Письмо я не отправил. Там, в полиции, они ужасно хитрые, здорово всякие вещи узнавать могут. Еще в Ратуше со мной вместе работал один парень, у него брат в Скотленд-Ярде служил. Так им там довольно было щепотки обыкновенной пыли, и уже они знали, кто ты, откуда и всякое такое.
Конечно, когда она спросила про письмо, я покраснел: ну, пришлось сказать, мол, потому что она мне все равно не верит и всякое такое. Вроде она поверила. Может, с моей стороны и не очень-то хорошо это было по отношению к ее родителям, но, судя по ее же словам, не такие уж они были хорошие. Да и нельзя же обо всех подряд заботиться. Что важно, то важно, а что не важно, то нет, как говорится.

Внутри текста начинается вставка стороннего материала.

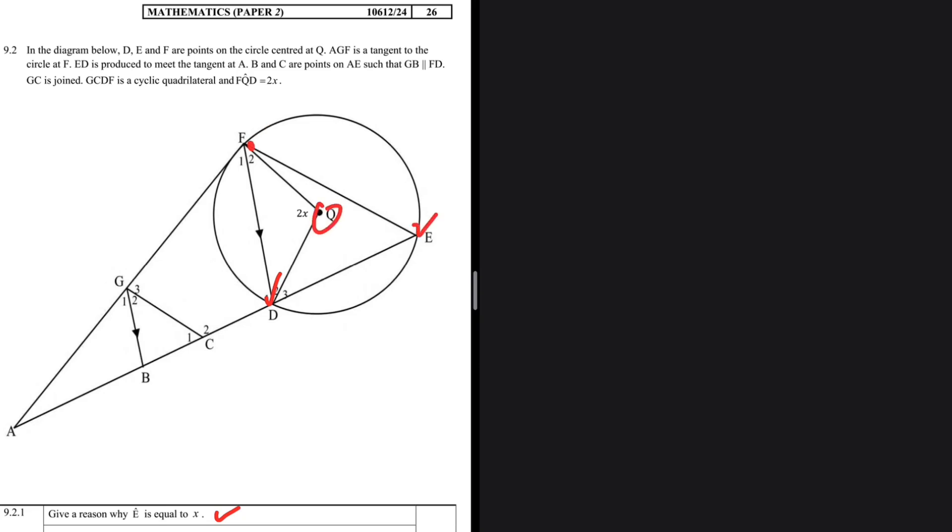Let's give a reason why angle E is equal to x — this is Euclidean geometry. Where do we start? We go through the question statements, extract the keywords, and that's what's going to help us answer all the questions. In the diagram, D, E, and F are points on a circle centered at Q. AGF is a tangent — that's a keyword, because we have the tan-chord theorem.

Так же я поступил и с деньгами — она хотела ведь, чтоб я деньги послал тем людям из Движения против ядерной бомбы. Я выписал чек и показал ей, но не отправил. Ей нужны были доказательства (квитанция), но я сказал, мол, послал деньги анонимно. Я это сделал, чтоб у нее настроение улучшилось (то есть чек выписал), только какой смысл тратить деньги, если не веришь в это дело. Я знаю, богатые люди часто выделяют на всякое такое разные суммы, но, мне кажется, они это делают, чтоб их в газетах пропечатали или чтоб лишние налоги не платить.

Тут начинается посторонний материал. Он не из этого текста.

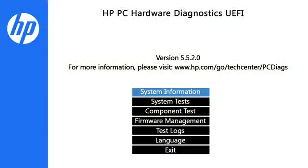You can test the hard drive by using the Quick Test, which takes about 10 minutes, or the Extensive Test, which takes 2 hours or longer.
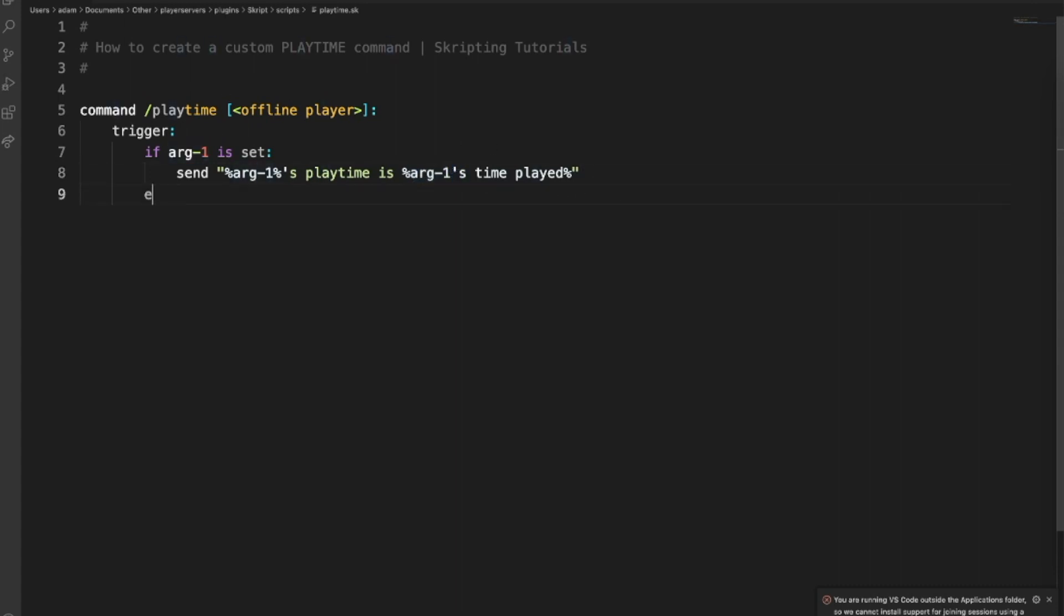Else, send your time played is player's time played. Obviously this means they have not entered anything there.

Каждый раз, когда она принимала ванну, я снова забирал досками окно. Мне не хотелось оставлять окно постоянно забранным. Все проходило нормально. Как-то, было уже очень поздно (одиннадцать), я отклеил пластырь сразу, как она вошла. Было очень ветрено, прямо настоящая буря. Когда мы спустились в гостиную (я перестал называть эту комнату залой, уж очень она меня дразнила за это), ей захотелось там побыть немного, руки у нее были связаны, так что ничего такого не могло случиться; я включил электрокамин (она мне говорила, что искусственный огонь в камине — верх безвкусицы, надо, чтоб настоящие поленья и настоящий огонь, как я потом и сделал). Мы посидели немного, она — на ковре перед камином, сушила волосы, а я просто смотрел на нее. На ней были свободные брюки — я их купил, и она выглядела очень привлекательно, вся в черном, только маленький красный шарфик, и волосы распущены.